C. FHA Over the last two years, the Federal Housing Administration (FHA) has seen its market share across the country skyrocket. Currently FHA accounts for over 30 percent of the mortgage market. Many in Congress view this as government intrusion into the mortgage market. Much like the GSE debate on what the government’s role in housing finance should be, there is expected to be strong support to pass legislation that will roll back FHA’s market share. This may be done by reducing its loan limits, increasing the FHA downpayment minimum or other possibilities.
D. Short Sales Short sales continue to be a large share of the California housing market. While efforts have been made to make the short sale transaction easier, many of our members continue to have difficulty with this type of transaction. The biggest hurdles to successful short sale transactions continue to be different requirements from lender to lender, length of time for the short sale process, lack of transparency and poor escalation mechanisms for troubled transactions.
E. Energy & Climate Change As Congress looks at the issues of energy conservation and climate change, one of the items that will be discussed is the carbon footprint of homes and commercial buildings.
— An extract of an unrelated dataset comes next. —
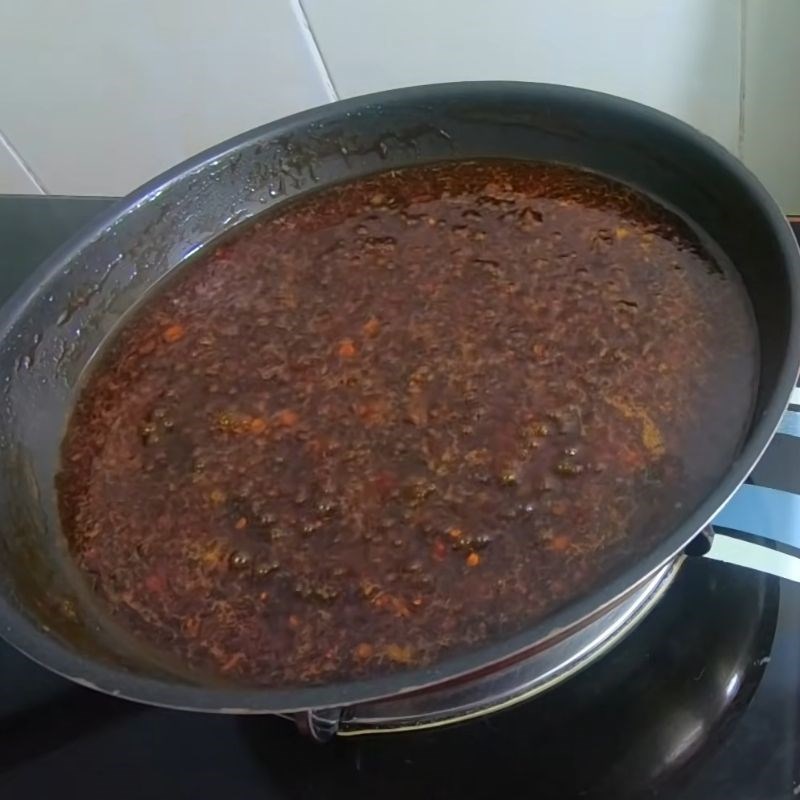 Bước 4 Nấu sốt kho cá đậm đà, sánh mịn nước sốt kho cá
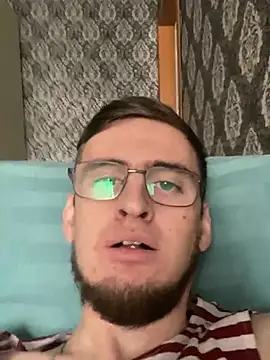 Snapshot of GrahamSouth chatting on January 2025 07:47:02 AM GrahamSouth online show from January 2025 07:47:02 AM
Last session the House passed a number of bills that would impact real estate including incentives for property owners to make energy efficient upgrades to their properties. There were also attempts to create labels for existing properties; efforts that were successfully beaten back by REALTORS®.
F. Affordable and Available Property Insurance On September 30, 2010, the President signed a one year extension of the National Flood Insurance Program (NFIP). For some time now Congress has been approving a series of short-term extensions of the NFIP while discussions continue over comprehensive reforms to improve the program's actuarial and financial foundations. Without the NFIP, property owners in federally designated areas across nearly 20,000 communities nationwide could not obtain a mortgage or flood insurance to protect their properties. Following a series of disasters the program has become insolvent and has required federal funding to continue to issue policies. Reform of this program will have to eventually be done to ensure the program can function on its own.
G. Private Transfer Fees The Federal Housing Finance Agency (FHFA) has issued a proposed guideline stating “the Enterprises (Fannie Mae and Freddie Mac) should not purchase or invest in mortgages encumbered by private transfer fee covenants or securities backed by private transfer fee revenue, as such investments would be unsafe and unsound practices and contrary to the public missions of the Enterprises and the Banks.” Both C.A.R. and NAR have asked for this prohibition on private transfer fees (PTF) and are supportive of the proposed guideline’s intent.
An area of question is the guideline’s failure to grandfather in existing PTFs. This may make properties with existing PTFs unmarketable to anyone who would otherwise utilize conventional financing. In the example of where a homebuilder placed a PTF on a property sold years ago there is little to no leverage to force the homebuilder to remove the PTF since they no longer own the property.
C.A.R. has submitted a comment letter stating our support for the proposed guideline, but asking that existing PTF be grandfathered in for the purpose of federal financing.
H. Commercial Mortgage Market Liquidity Capitol for commercial lending continues to be in short supply. While the federal government has stepped in to supply liquidity to over 90 percent of the home mortgage market, there was no equivalent for the commercial market which prohibited borrowers from refinancing when their balloon payments came due.
Earlier this year, positive signs were seen as investors quickly snapped up $4 billion in commercial mortgage bonds. As the government continues to hold Treasury rates at historic lows investors are beginning to see opportunity in putting their money, though limited, back into other investments with greater returns, such as commercial mortgages.